Slowly but surely, a lot of amazing creators are changing the face of D&D. NDND, for example, is a brand new actual play show with an all-Indigenous cast. The most compelling narratives I’ve seen treat The Player’s Handbook and The Dungeon Master’s Guide like old family cookbooks laden with corrections and substitutions and new recipes. Don’t want homophobia in your game? Fine, don’t include it. Everyone’s gay now and none of the villagers care.
I’m new to DMing, but writing my first games has made me think about narrative as a gift for the players. When I approach fiction writing, I rarely think about it as a gift; I think about it as something I’ll feed to my fiction workshop, where people are required to tell me what’s wrong with it, and then perhaps it will go into my thesis, where my thesis committee will judge me for it. But D&D is fundamentally a tool for collaborative storytelling. It’s something to be shared. As a DM, you write out interesting scenarios to drop your players into—plus a setting, plot beats, a cast of characters to interact with—and your writing immediately has an audience. That audience is also co-writing the story with you alongside the randomness of dice rolls as they make decisions and navigate your world.

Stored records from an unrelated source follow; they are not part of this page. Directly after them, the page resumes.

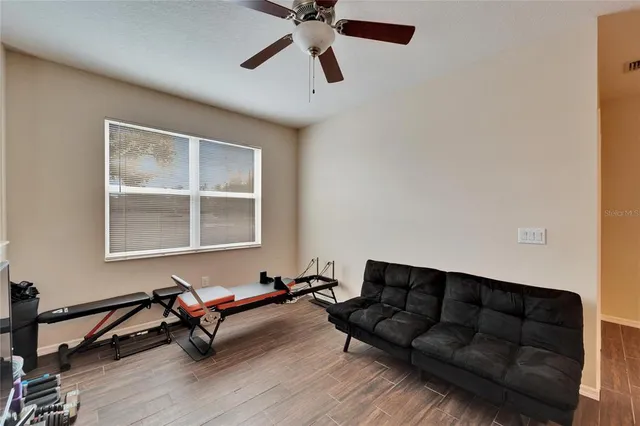 a living room with furniture and a window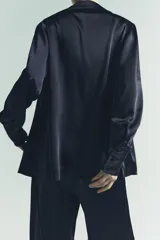 Camisa de manga larga color azul marino, confeccionada en tejido satinado. Presenta cuello solapa, puños anchos y cierre frontal mediante lazada ajustable en el centro.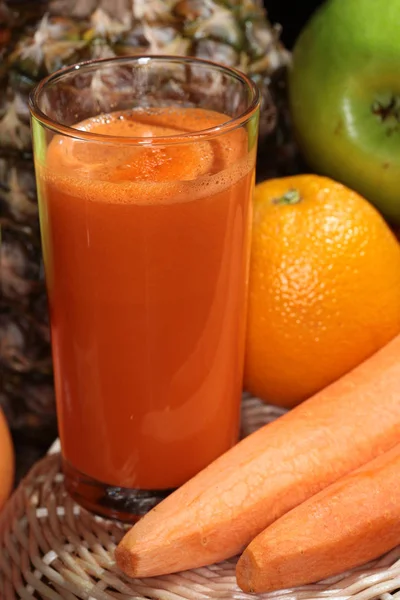 macro delicious fresh carrot juice in a glass on a background of vegetables and fruits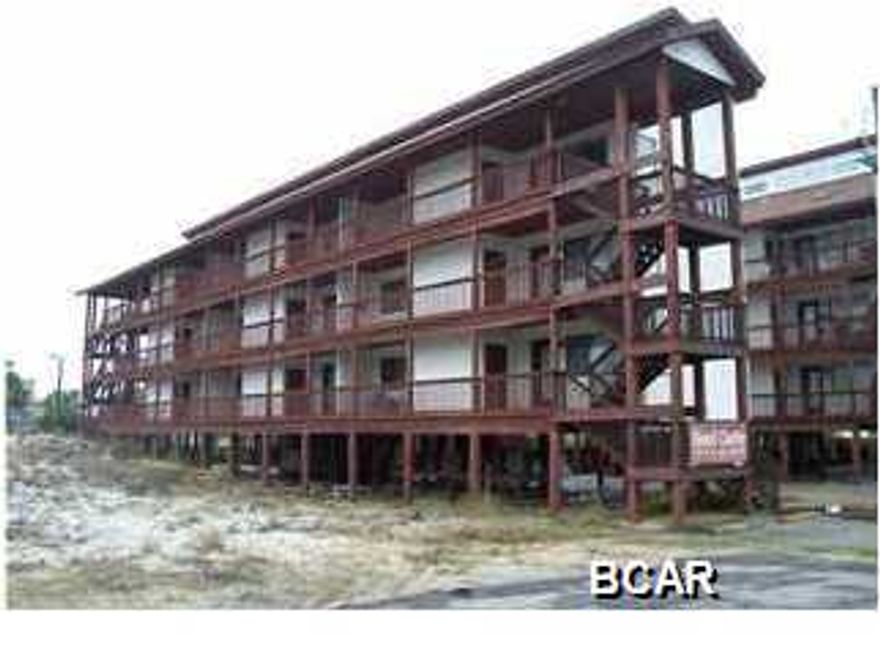 This is a studio unit located on the Gulf side of the building on the 2nd floor above the parking area. This complex has a pool and pool house with bathrooms. This was part of an estate. Living room/kitchen/dining combination. The unit is sold furnished as is. Storage room outside the front door has a washer and dryer.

As a writer, I think a lot about solving problems. I think about the ways in which my plots can be resolved and my endings can satisfy. D&D reminds me that the job of a writer is to ask interesting questions. The more I use this mindset, the more boundaries I push in my stories, and the more excited I am to write them.
We’re going to virtually gather soon, a ring of friends and acquaintances in our separate apartments. We will roll the dice and count up numbers and slash at imaginary things with imaginary swords. I don’t know what will happen, but for once, not knowing is invigorating.